Cold brew is different. It’s cold. Typically more concentrated. With a less acidic mouthfeel. It tastes a bit sweeter. Ever wonder why that all is? No? Want to read on anyway? Cool. 

Cold Brew, or Brewing with Cold Water

It seems like a funny thing to have to acknowledge, but at its core, cold brew is brewing with cold water. There are lots of ways to brew cold brew (check out the section on cold drip for how we brew it!), and all of them share one thing in common: brewed with cold water. Cold water makes a meaningful impact on how a coffee brews, that has a lot to do with how cold brews tend to taste. Maybe you come with a few preconceptions about what cold brew is - we definitely did before we started this project - but read on and hear our perspective (a good one, we think) about what makes cold brew... cold brew. Cold brew and iced coffee might both be cold, but are totally different! When we say cold brew, we’re talking about coffee brewed with cold water (check out the next section). This brewing approach brews a coffee with certain characteristics (again, well explain more below). And even though they’re both “coffee,” these will taste fundamentally different than iced or flash-chilled coffees, which are coffees brewed hot and then cooled down. We’re not saying that these aren’t good drinks - to each their own! - but they are a very different beast than a cold brew coffee.
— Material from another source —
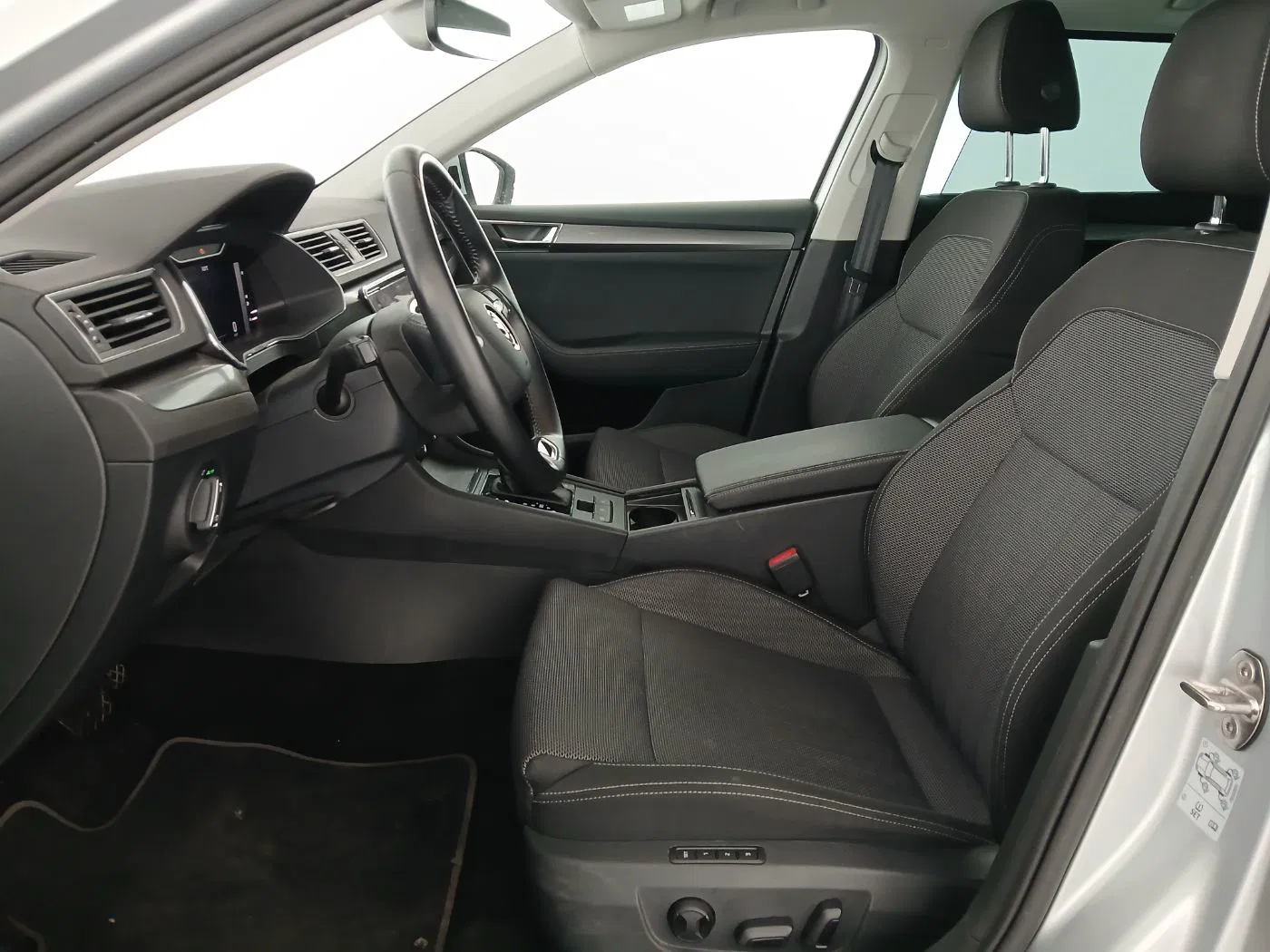 Skoda Superb Combi 2.0 TDI Style DSG | Bild 14 von 26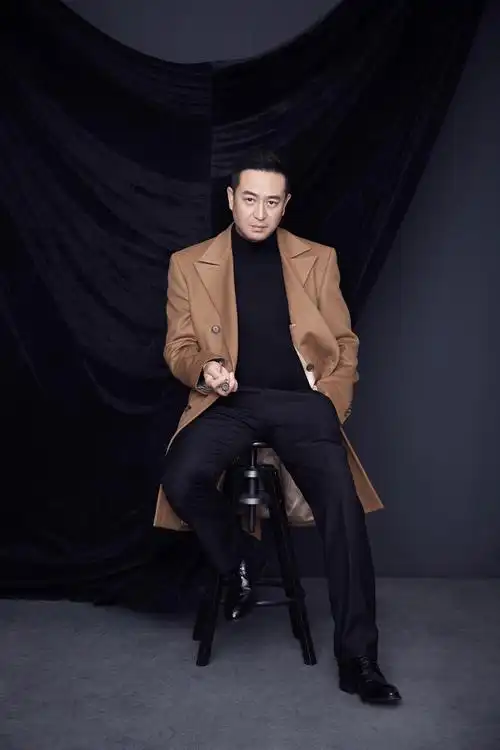 张嘉译的好兄弟,拍戏不背台词却被赞敬业,跑龙套21年终走红!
So You Say Cold But You Mean...

Ready to have your mind blown? Many of the cafes that brew your favorite cold brew do so at room temperature. When we say cold water, what we really mean here is “not hot.” Ice cold water does behave differently than room temperature water (for instance, the viscosity is twice as high with ice cold water), but room temperature is still a wide difference from near-boiling water that your typical hot coffee is brewed with.

The biggest difference that you’ll note brewing with any cold brew style is that it takes much longer.  This is a factor of how the water interacts with the ground coffee - much more slowly. Brewing with hot water means that solubles are extracted faster. This comes from two different factors: certain compounds in the coffee are easy to extract at higher temperatures, and certain chemical reactions that take place are accelerated. All of these compounds are still extractable with cold water, it just happens more slowly, and at different rates. This difference in rates is what leads to a different tasting coffee - because certain compounds are under or over extracted compared to hot coffee, the final beverage will also taste different. 

Because of this lower efficiency, there is a point at which cold brew stops extracting. This means that for most immersion cold brews (where you soak coffee beans in water), the difference between brewing for 12 hours and 24 hours makes little actual difference in the final chemical makeup of the coffee. There’s been some really good recent research on how cold brew develops over the course of the brew process, and to put it mildly, lots of folks might be brewing much longer than they need to.

And We’re Left With What?

A cold coffee! The typical cold brew coffee is a bit of a misnomer, for the same reason that we don’t talk about hot coffee as a single concept (your barista would like a word with you about the difference between french press and a pour over). Still, there are some generalizable characteristics that we can observe with most cold brews.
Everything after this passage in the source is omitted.